_Data excerpt_:
____
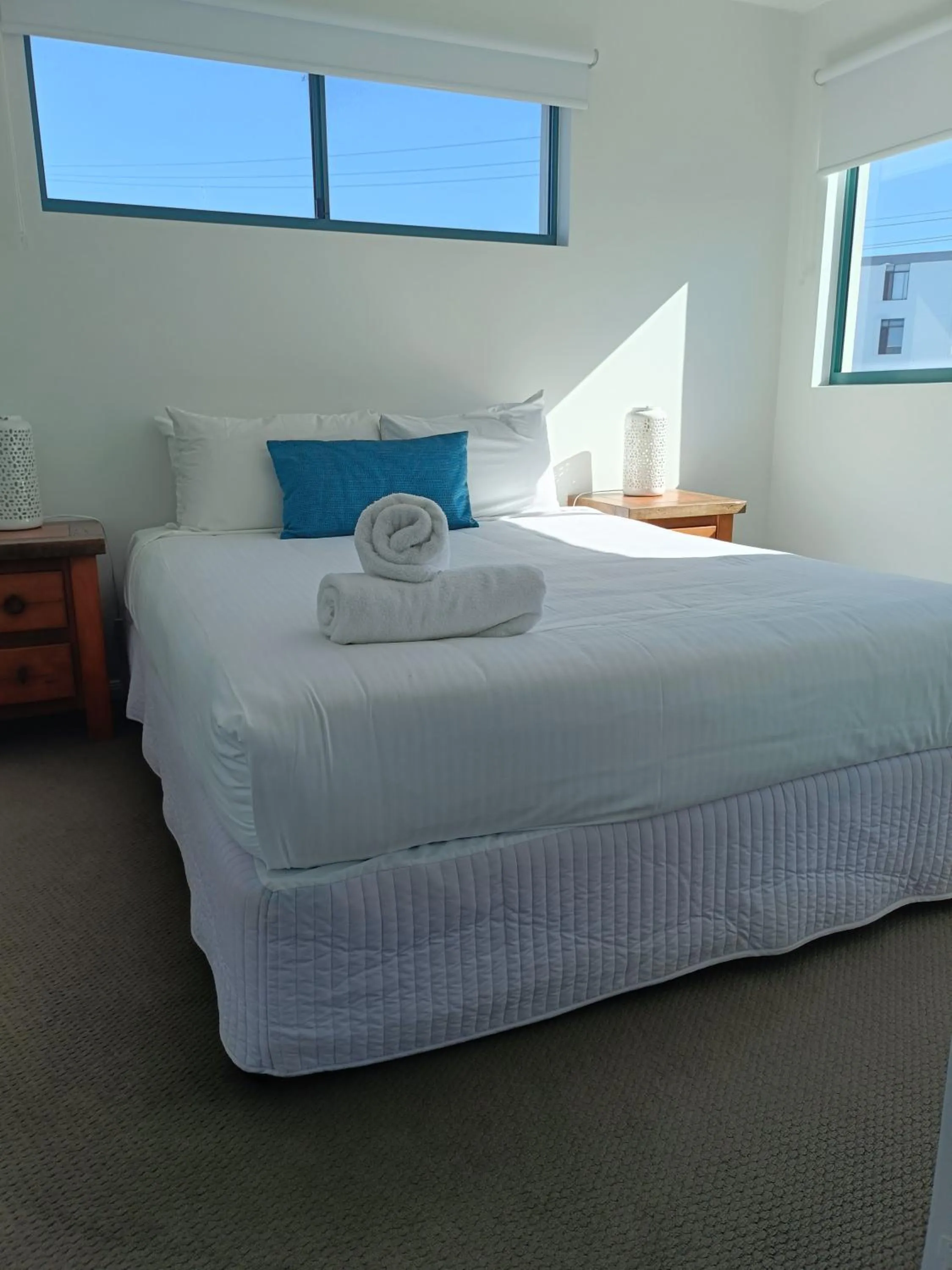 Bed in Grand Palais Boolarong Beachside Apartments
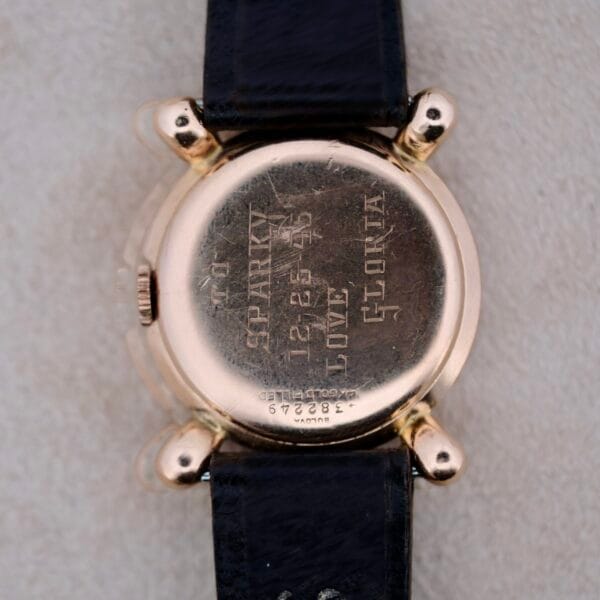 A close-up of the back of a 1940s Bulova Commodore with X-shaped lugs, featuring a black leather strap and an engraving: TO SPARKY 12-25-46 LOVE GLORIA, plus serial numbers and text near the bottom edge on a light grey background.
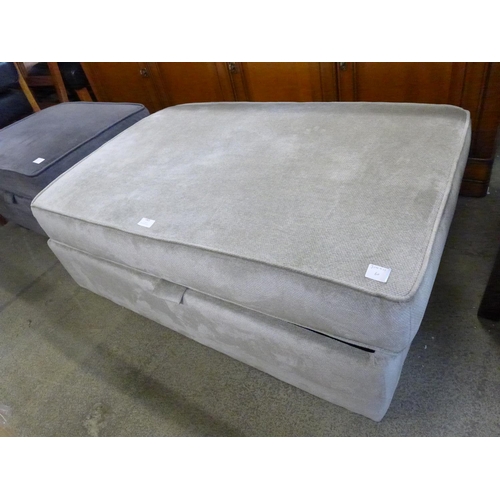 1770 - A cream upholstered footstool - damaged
____
Repeat the data above exactly, leaving out any pictures it holds.

 Bed in Grand Palais Boolarong Beachside Apartments
 A close-up of the back of a 1940s Bulova Commodore with X-shaped lugs, featuring a black leather strap and an engraving: TO SPARKY 12-25-46 LOVE GLORIA, plus serial numbers and text near the bottom edge on a light grey background.
 1770 - A cream upholstered footstool - damaged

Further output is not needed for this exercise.